La Cédéao avait-t-elle omis ce détail ? La Guinée, malgré son statut de pays membre de l’organisation sous-régionale, et étant suspendue de ses instances, n’a logiquement pas été associée aux décisions finales du sommet extraordinaire du 9 janvier sur le Mali et par conséquent, ne se sent nullement engagée par les sanctions prises par contre son voisin. Mais qu’on se le tienne pour fait, le Mali et la Guinée sont dirigés respectivement par les colonels Goïta et Doumbouya. Deux dirigeants qui sont dans une logique de fermeté intransigeante par rapport aux conditions de la transition dans leurs pays respectifs, soutenus en cela par leurs peuples.
Le président Doumbouya et le président du CNT guinéen à Bamako
Aussi, pour sa première visite à l’étranger depuis sa prise de pouvoir, le président de la transition de guinéenne s’était rendu au Bamako à l’occasion de la célébration du 62ème anniversaire de notre pays.
Le colonel Doumbouya « a été accueilli, avec tous les honneurs, par le président [Assimi] Goïta ». . « Je suis à Bamako à côté de mon frère, le président Assimi Goïta, pour fêter l’indépendance du Mali et accompagner le peuple malien, qui est un peuple frère », dit le colonel Doumbouya.
Toujours dans la même dynamique de renforcer et de consolider les coopérations entre nos pays, le Président du Conseil National de la Transition guinéen à la tête d’une délégation de son institution a séjourné dans notre pays.
C’est ainsi que, le mercredi 05 octobre 2022, Dr Dansa Kourouma a pris part à la première réunion du bureau du CNT du Mali. Tout un symbole dans le cadre de la coopération entre les parlements transitoires de nos deux pays. L’initiative visait également à cimenter davantage les liens fraternels et amicaux entre Guinéens et Maliens.
Aujourd’hui, cette coopération est nourrie et entretenue par les colonels Mamadi Doumbouya et Assimi Goïta.
S’exprimant à cette occasion, le Président du CNT s’est réjoui de la convivialité et la confraternité qui ont caractérisés les échanges sous fonds de complémentarité entre les deux parties. Dr. Dansa Kourouma a aussi noté que cet acte va au-delà des discours et matérialise ainsi, la ferme volonté des deux parlements à marquer la véritable intégration par l’action.
Plusieurs sujets d’intérêts communs ont été débattus entre les conseillers nationaux Maliens et Guinéens. Cette rencontre constitue un point de départ d’une série d’activités qui sera menée conjointement entre les deux institutions législatives.

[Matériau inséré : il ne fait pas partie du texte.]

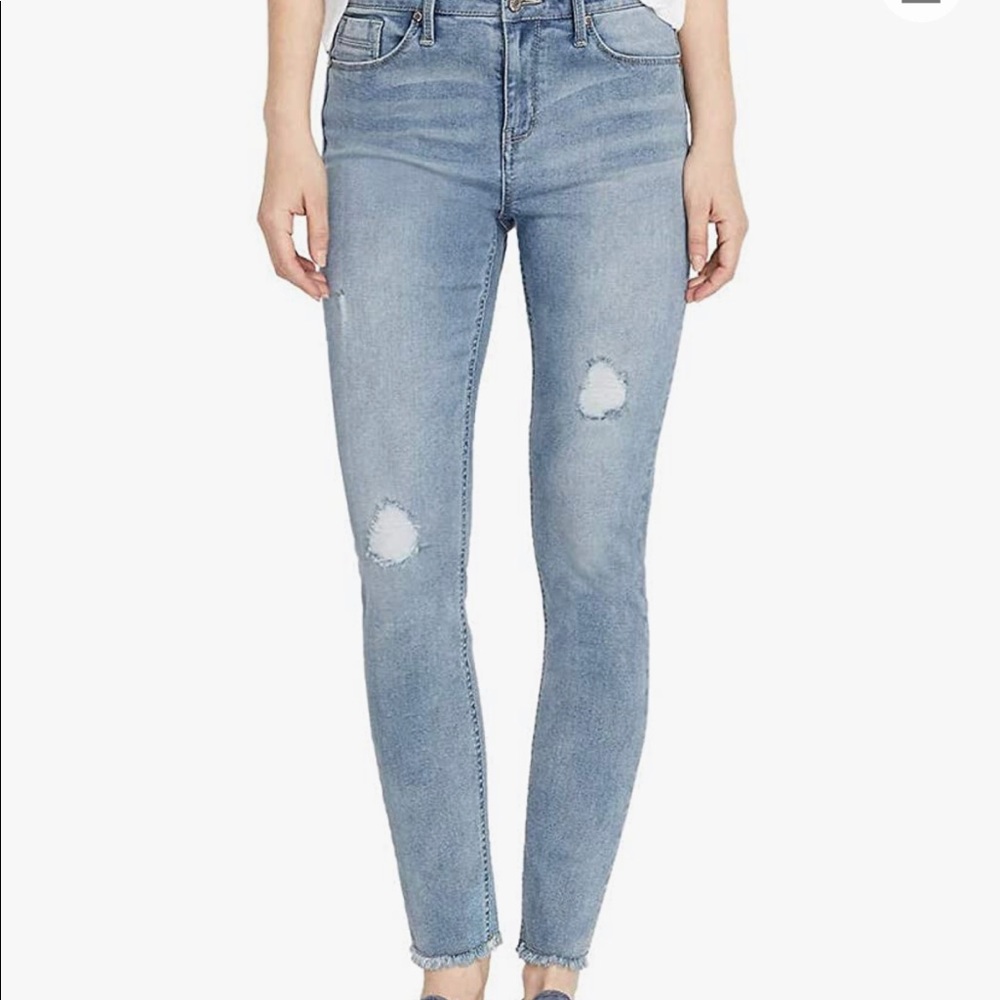 👖🆕Buffalo Distressed Mid Rise Skinny Jeans, Size 28 / 6👖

Avec cette initiative, les autorités des deux pays entendent imprimer une nouvelle dynamique qui favorisera l’intégration socio-politiques économique et culturelle.

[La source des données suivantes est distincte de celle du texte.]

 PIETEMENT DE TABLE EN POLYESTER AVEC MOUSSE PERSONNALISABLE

Le Mali reconnaissant envers la Guinée
En retour, le Mali a décidé, le mercredi 28 septembre 2022, de “se désolidariser” des sanctions prises à l’encontre de la Guinée par la CEDEAO lors d’un sommet extraordinaire tenu le 22 septembre à New York aux États-Unis, a annoncé, le Premier ministre par intérim, le colonel Abdoulaye Maïga, porte-parole du gouvernement.
En effet, les dirigeants ouest-africains réunis, le jeudi 22 septembre 2022, à New York, en marge de l’Assemblée générale des Nations unies, ont décidé une série de sanctions visant certains responsables guinéens.

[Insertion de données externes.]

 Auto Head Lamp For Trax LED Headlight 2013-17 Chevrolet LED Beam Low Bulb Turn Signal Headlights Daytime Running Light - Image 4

« Le gel des avoirs financiers » et « l’interdiction de voyager » sont les « sanctions ciblées à l’encontre des personnes et groupes de personnes » ou encore « les membres des autres institutions de la transition et toute autre personne cherchant à empêcher le retour à l’ordre constitutionnel en Guinée dans un délai raisonnable », avait indiqué la CEDEAO.
Le Premier ministre par intérim souligne que « compte tenu de la solidarité et de la fraternité entre le Mali et la Guinée, le gouvernement de la Transition décide de se désolidariser de toutes les sanctions illégales, inhumaines et illégitimes prises à l’encontre de la République sœur de Guinée et ne leur réservera aucune suite, d’adopter, si nécessaire, des mesures pour assister la République de Guinée, afin d’annihiler les conséquences de ces sanctions inutiles contre le peuple et les autorités de la Guinée ».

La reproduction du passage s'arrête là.